__Dataset extract__.
BEGIN

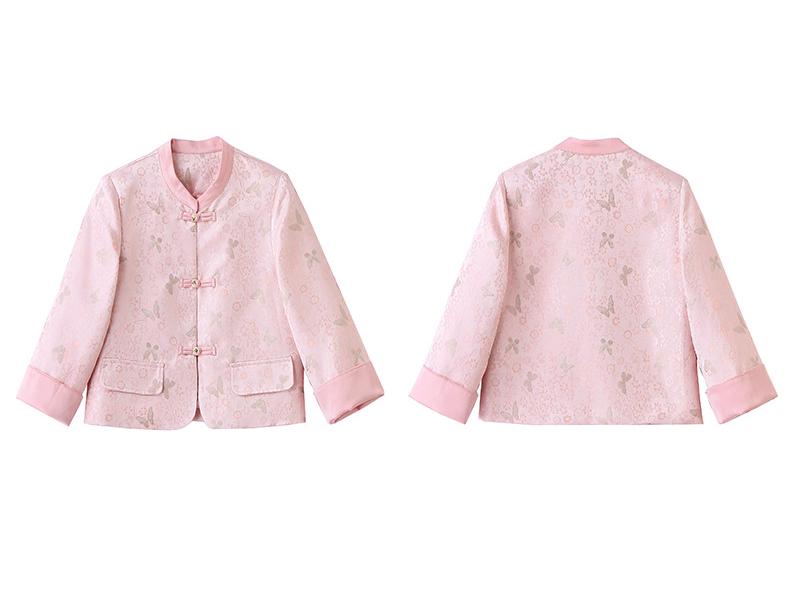 2025 Spring New Chinese Style Jacquard Frog Button Stand Collar Two-Piece Skirt Set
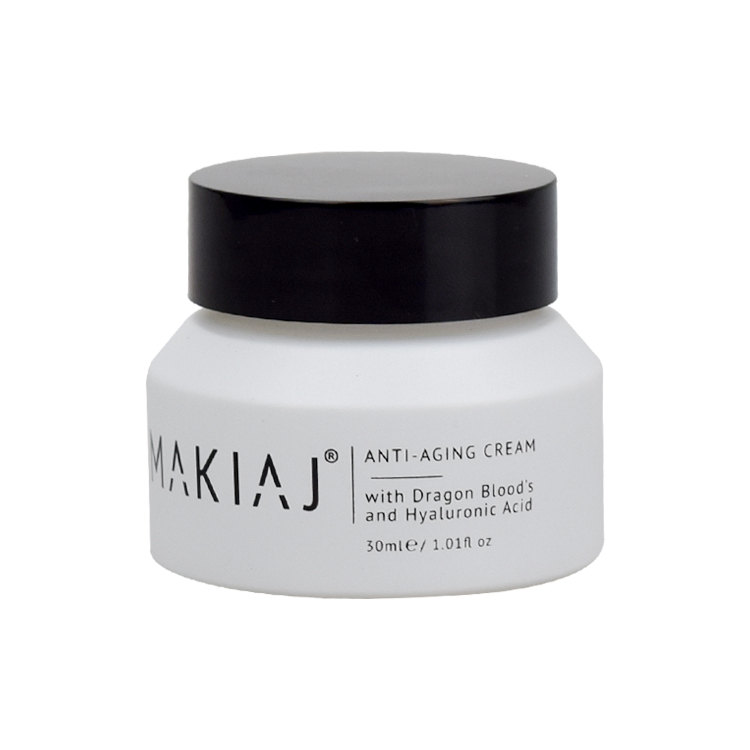 luxury cosmetic packaging 1oz painting matte white cosmetic glass jars with black lid 15g 50g 100g glass body butter jars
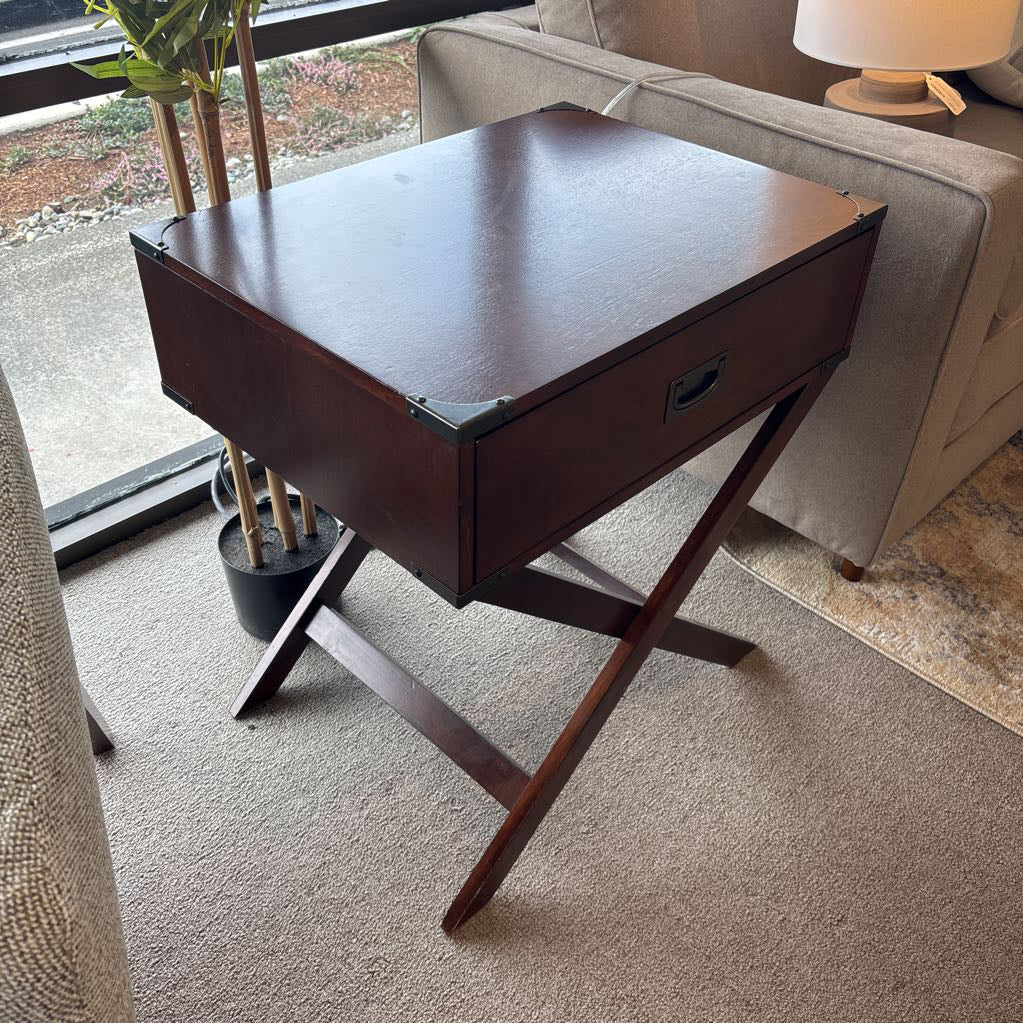 Dark Wood Metal Brackets X-Base Legs 1 Drawer Side Table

END

__Exercise aim__. Since the pictures are not wanted, write out the rest of the data exactly as it reads.

__Task solution__.
 2025 Spring New Chinese Style Jacquard Frog Button Stand Collar Two-Piece Skirt Set
 luxury cosmetic packaging 1oz painting matte white cosmetic glass jars with black lid 15g 50g 100g glass body butter jars
 Dark Wood Metal Brackets X-Base Legs 1 Drawer Side Table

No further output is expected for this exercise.